Sio Sam Ong
- Founded: c.1940; 86 years ago
- Founding location: Penang, Straits Settlements
- Ethnicity: Hokkien
- Leader: Ong King Ee
- Activities: heroin trafficking, prostitution, scamming, kidnapping, corruption
- Allies: Barisan Nasional
- Rivals: Sio Sam Ong renegades

= Sio Sam Ong =

Sio Sam Ong (Chinese: 小三王), literally meaning "Three Little Kings", or SSO, for short, is a leading Chinese triad in Malaysia; with a strong presence in the north (i.e. Kedah, Perlis). Mainly based in Penang and Selangor. It is widely considered to be one of the most powerful triads in the country. Like their counterparts in Singapore and Taiwan, the Sio Sam Ong mostly consists of the Hokkien ethnic group.

== Background ==

It is believed that Sio Sam Ong was established during the 1940s to 1950s; being mainly active in northern Malaysia. According to the Malaysian police, Sio Sam Ong is currently one of the most active triads after Aek En Sang, Ang Soon Toong, Salakau Singapore, Ghee Heng, Ang Bin Hoay and Chaun San in Malaysia. it is believed that they have around 500,000 members and involved in 100 countries. In Malaysia, they were actively involved in politics by joining the government coalition (Barisan Nasional) parties United Malays National Organisation (UMNO) and the Malaysian Chinese Association (MCA) to cover up their identity. They use the code of 3821 gang, and 36 international brothers/ red international army according to the hoax of Chinese triads history. The gang was formerly headed by Bull Head, Ong King Ee, nicknamed "Jackie Chan".

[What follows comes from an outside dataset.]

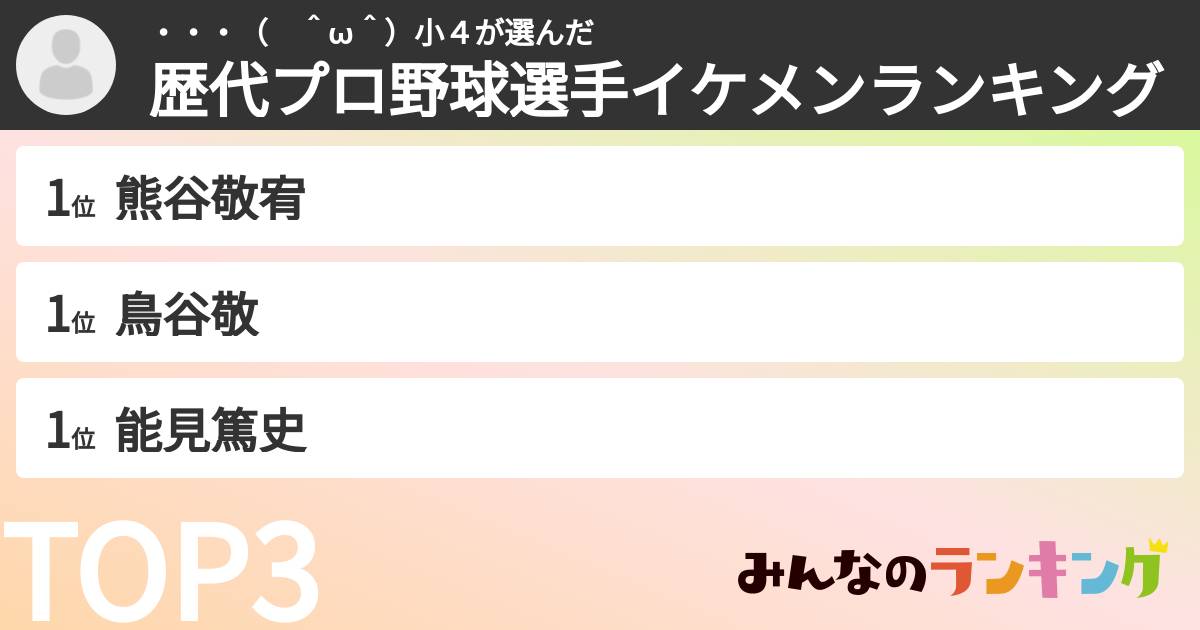 ・・・( ^ω^)小4さんの「歴代プロ野球選手イケメンランキング」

According to Penang police, the triad has been involved in international drug trafficking, kidnapping, murder, extortion, racketeering and loansharking at its height.

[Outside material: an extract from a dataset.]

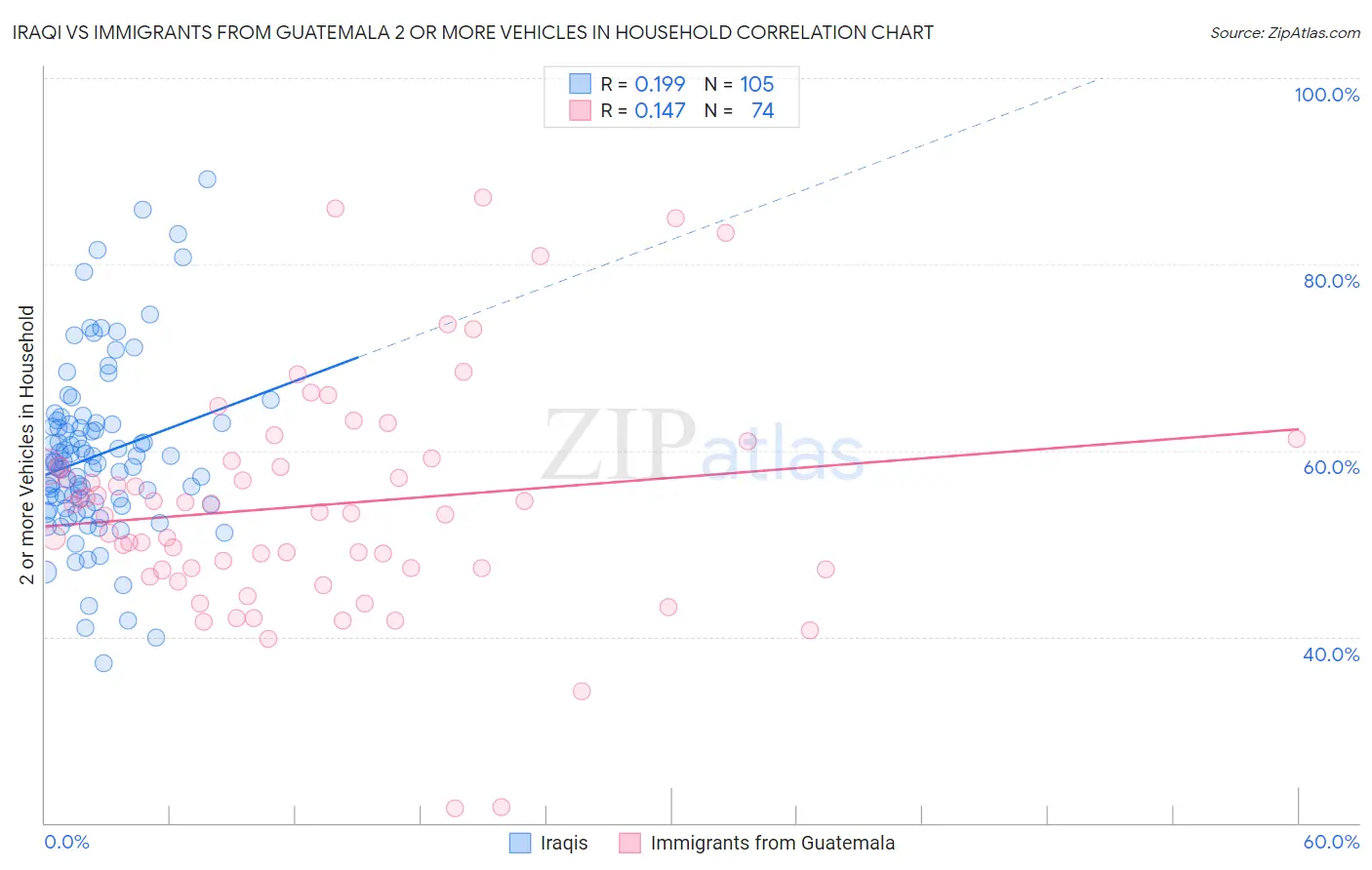 Iraqi vs Immigrants from Guatemala 2 or more Vehicles in Household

Sio Sam Ong members were also suspected of involvement in at least 10 murders in the Penang in the late 1980s and early 1990s, including a notorious massacre at pre-wedding celebration in the Sungai Petani district of Kedah in September 1992, where six people were shot to death. In December of the same year, five skeletal remains with their hands tied behind their backs, believed to be Sio Sam Ong members who betrayed the gang, were exhumed from unmarked graves in Mount Erskine, Penang. Many of its high-ranking members are still high on the Malaysian Police wanted list.